Machine learning speeds search for unknown viruses

Technology News |
By Rich Pell



Seen as an emerging tool for exploring the huge diversity of viruses on Earth, AI offers the potential to speed up metagenomic studies that look for species unknown to science. Traditionally, viruses have been difficult to study, given both their tendency to quickly evolve and the difficulty scientists have in growing most viruses in the lab.

As a result, in recent years researchers have searched for unknown viruses by sequencing DNA in samples taken from various environments. To identify the microbes present, researchers search for the genetic signatures of known viruses and bacteria, and in the process hope to come across previously unknown microbial genomes.

Such a hit-or-miss approach often fails. However, machine learning algorithms – which can parse data, learn from them, and then classify information autonomously – promise to get around the problem by finding emergent patterns in mountains of information.

“Previously, people had no method to study viruses well,” says Jie Ren, a computational biologist at the University of Southern California in Los Angeles. “But now we have tools to find them.”

The latest research involved the training of computers to identify the genetic sequences of viruses from one unusual family, Inoviridae. Inoviridae viruses live in bacteria and alter their host’s behavior, for example making the bacteria that cause cholera more toxic.

In the study, a machine-learning algorithm was presented with two sets of data – one containing 805 genomic sequences from known Inoviridae, and another containing about 2,000 sequences from bacteria and other types of viruses – so that the algorithm could find ways of distinguishing between them. The model was then fed massive metagenomic data sets.

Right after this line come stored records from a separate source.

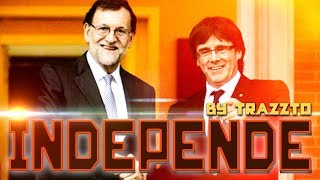 INDEPENDE by Trazzto  Parodia Rajoy amp Puigdemont [upl. by Belanger]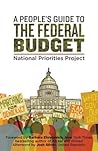 A People’s Guide to the Federal Budget by Mattea Kramer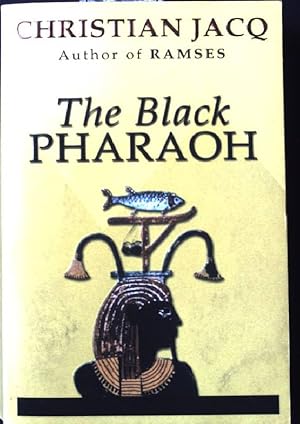 Bild des Verkufers fr The Black Pharaoh zum Verkauf von books4less (Versandantiquariat Petra Gros GmbH & Co. KG)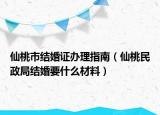 仙桃市結(jié)婚證辦理指南（仙桃民政局結(jié)婚要什么材料）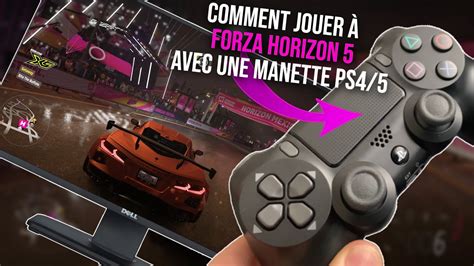 Comment jouer à Forza Horizon 5 avec une manette PS4 PS4 PS5 manette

The computer recovered more than 10,000 Inoviridae genomes, and clustered them into groups indicative of different species. The genetic variation between some of these groups was so wide that Inoviridae is probably many families, says Simon Roux, a computational biologist at the DOE Joint Genome Institute, who conducted the research. According to Roux, perhaps fewer than 100 species had been identified before his research began.

The work was presented at a meeting organized by the U.S. Department of Energy’s Joint Genome Institute.